How then do we talk about The Spear at all in this climate of rage and fear which demands absolute loyalty to the group and an abdication of human agency in favour of a narrow self-serving solidarity? How do we talk about the manner in which it is being used and exploited by shameless politicians, yes, but also about the need to show respect and understanding for the deeply embedded memories and feelings of apartheid generated humiliation and grievance, without trading in our hard-won freedom for a version of conformity enforced on us by some ANC leaders or populist rabble-rousers masquerading as communists?
How does one listen to and demonstrate respect for the genuine feelings of fellow South Africans without succumbing to the Jacobins? How do we vigorously defend the right to freedom of expression and artistic freedom, the right to think and feel what we want and to express those feelings and thoughts in the most robust and even rude forms, the right not to have to conform to the official ANC-enforced view about a painting just because one is black and thus expected to show solidarity with the philanderer from Nkandla or just because one is white and is supposed to be fearful of being branded a racist or is supposed to keep a patronising yet smug silence – a la Samantha Vice?
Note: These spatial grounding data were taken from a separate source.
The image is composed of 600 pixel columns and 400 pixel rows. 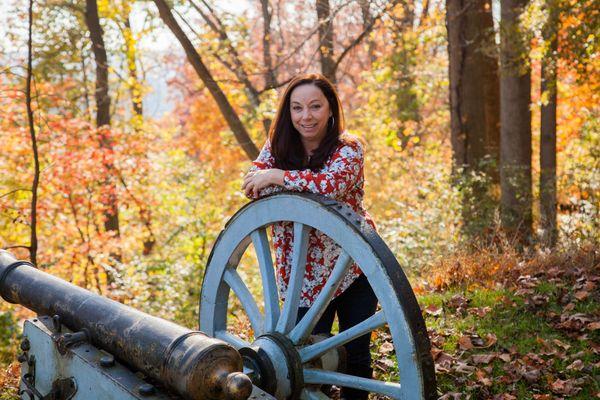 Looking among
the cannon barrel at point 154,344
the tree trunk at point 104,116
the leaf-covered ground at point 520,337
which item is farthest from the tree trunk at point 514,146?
the tree trunk at point 104,116

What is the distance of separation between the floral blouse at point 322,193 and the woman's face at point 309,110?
16 cm

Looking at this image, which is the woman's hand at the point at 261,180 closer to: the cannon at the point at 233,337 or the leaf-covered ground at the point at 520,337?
the cannon at the point at 233,337

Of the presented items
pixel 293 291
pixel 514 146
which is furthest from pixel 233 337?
pixel 514 146

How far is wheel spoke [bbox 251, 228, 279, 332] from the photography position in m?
2.88

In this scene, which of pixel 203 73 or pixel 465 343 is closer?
pixel 465 343

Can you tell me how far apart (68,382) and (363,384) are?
1254mm

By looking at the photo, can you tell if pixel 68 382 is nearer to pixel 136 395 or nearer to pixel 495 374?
pixel 136 395

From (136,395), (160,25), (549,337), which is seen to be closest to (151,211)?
(160,25)

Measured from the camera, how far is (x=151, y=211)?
50.8 feet

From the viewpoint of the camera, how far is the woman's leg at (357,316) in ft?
9.46

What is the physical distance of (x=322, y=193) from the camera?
262 centimetres

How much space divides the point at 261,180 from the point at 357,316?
2.44 ft

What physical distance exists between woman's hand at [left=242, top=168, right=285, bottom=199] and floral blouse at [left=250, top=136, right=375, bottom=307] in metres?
0.04

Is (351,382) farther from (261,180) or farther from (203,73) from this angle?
(203,73) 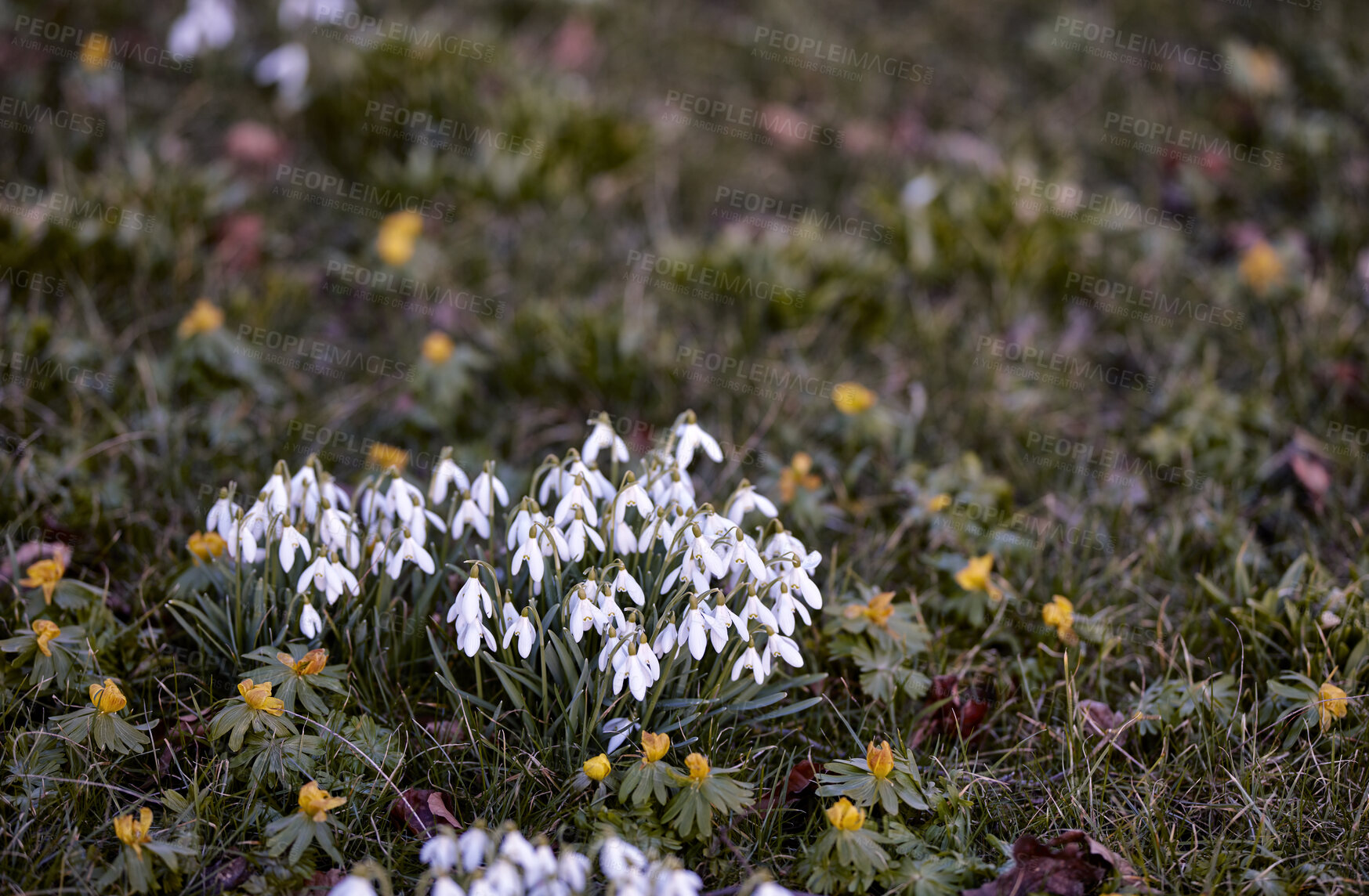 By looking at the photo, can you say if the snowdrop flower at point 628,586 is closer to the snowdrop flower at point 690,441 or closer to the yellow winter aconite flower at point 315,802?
the snowdrop flower at point 690,441

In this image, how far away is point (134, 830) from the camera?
1935mm

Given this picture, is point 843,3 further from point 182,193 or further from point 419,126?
point 182,193

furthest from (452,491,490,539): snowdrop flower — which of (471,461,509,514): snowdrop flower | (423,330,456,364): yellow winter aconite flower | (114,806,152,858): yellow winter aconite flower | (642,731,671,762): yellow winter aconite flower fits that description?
(423,330,456,364): yellow winter aconite flower

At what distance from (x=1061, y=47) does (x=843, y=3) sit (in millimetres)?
1050

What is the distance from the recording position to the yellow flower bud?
6.70 feet

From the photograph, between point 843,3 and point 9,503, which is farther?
point 843,3

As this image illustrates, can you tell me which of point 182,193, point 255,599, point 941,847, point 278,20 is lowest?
point 941,847

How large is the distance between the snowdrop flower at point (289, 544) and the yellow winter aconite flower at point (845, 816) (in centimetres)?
117

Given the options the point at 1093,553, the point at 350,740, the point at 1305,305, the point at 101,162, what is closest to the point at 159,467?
the point at 350,740

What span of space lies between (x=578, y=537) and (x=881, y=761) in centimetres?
74

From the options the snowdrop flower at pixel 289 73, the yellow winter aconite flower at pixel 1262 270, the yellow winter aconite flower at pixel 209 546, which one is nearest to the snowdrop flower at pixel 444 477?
the yellow winter aconite flower at pixel 209 546

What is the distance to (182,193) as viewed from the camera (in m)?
3.74

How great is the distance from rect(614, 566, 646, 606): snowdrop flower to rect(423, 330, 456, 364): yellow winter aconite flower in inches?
54.3

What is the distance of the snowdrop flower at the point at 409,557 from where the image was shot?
7.20 ft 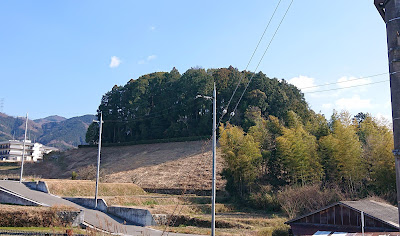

I would suggest that perhaps one may start by engaging in a robust and honest discussion about the nature of human dignity, which is a value running like a golden thread through our Constitution and underpin most if not all the rights protected in it and is also a right protected by section 10 of that Constitution. In my view (set out in a rather simplistic manner in the short space available here), the concept of human dignity is much abused.
I would contend that dignity is based on the assumption that humans have an intrinsic moral worth. They have this worth – and therefore have dignity – because they are rational agents. In other words, we have dignity because we are free agents capable of making our own decisions, setting our own goals, and guiding our own conduct by reason. One treats somebody else with dignity if one does not treat that person as a means to an end. In one understanding of dignity, one I favour, what is required of all of us when we are called upon to respect the human dignity of others is not that we always need to act selflessly and with a morbid and obsequies respect for the personal feelings of others. Rather, we are called upon to respect others enough to treat them as human beings who are capable of rational thought and reasoning. Thus we may never manipulate people, or use them to achieve our purposes, no matter how good those purposes may be.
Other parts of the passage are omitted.